EXERCISE INSTRUCTIONS:
Output the records precisely as they stand. Pictures are to be skipped.
◆ ◆ ◆ ◆
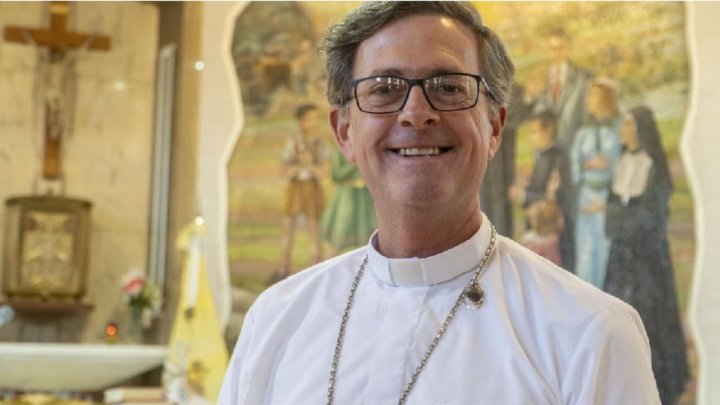 Jorge García Cuerva: &quot;Es un hombre con corazón universal, con corazón para todos. Así lo tenemos que ver a León XlV&quot;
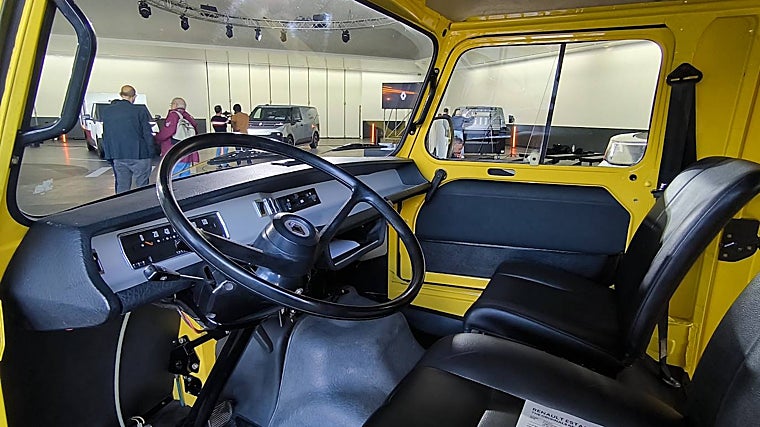 Puesto de conducción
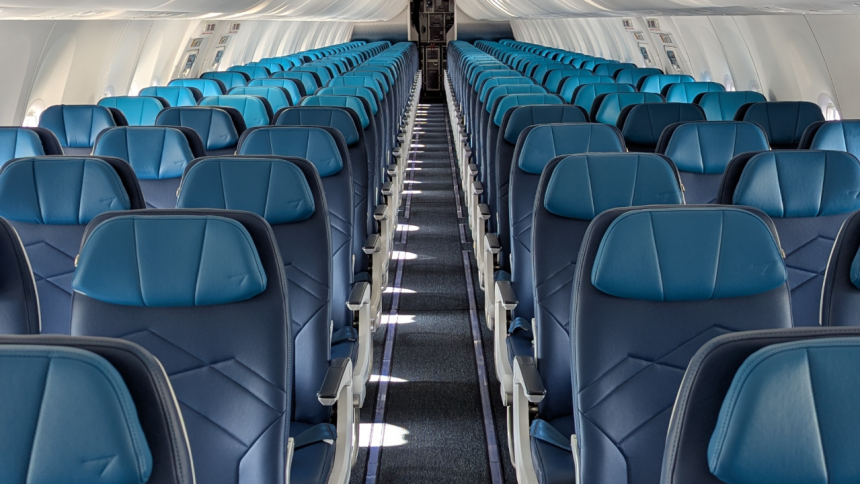 WestJet completes cabin upgrades on former Swoop and Sunwing aircraft, with further Boeing 737 retrofits planned through 2027.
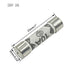 10 Pcs 10A 250V Ceramic Fuse, 6x25mm Cartridge Fast Blow Tube for Power Strip Experiment Circuit Repair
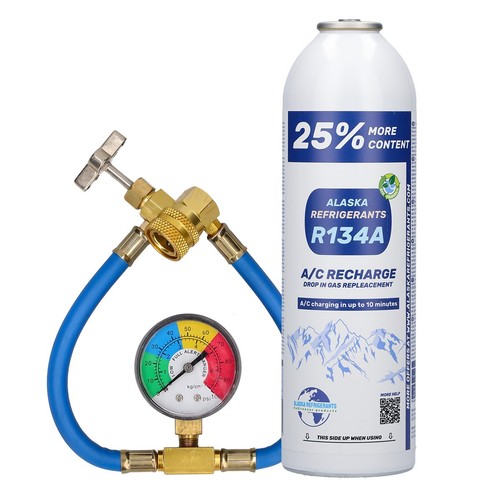 Kit maison alaska refrigerants - kit,
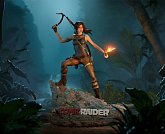 Фигурка Tomb Rider Lara Croft Survivor Eraa — Dark Horse PVC Statue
◆ ◆ ◆ ◆
ANSWER SPACE:
 Jorge García Cuerva: &quot;Es un hombre con corazón universal, con corazón para todos. Así lo tenemos que ver a León XlV&quot;
 Puesto de conducción
 WestJet completes cabin upgrades on former Swoop and Sunwing aircraft, with further Boeing 737 retrofits planned through 2027.
 10 Pcs 10A 250V Ceramic Fuse, 6x25mm Cartridge Fast Blow Tube for Power Strip Experiment Circuit Repair
 Kit maison alaska refrigerants - kit,
 Фигурка Tomb Rider Lara Croft Survivor Eraa — Dark Horse PVC Statue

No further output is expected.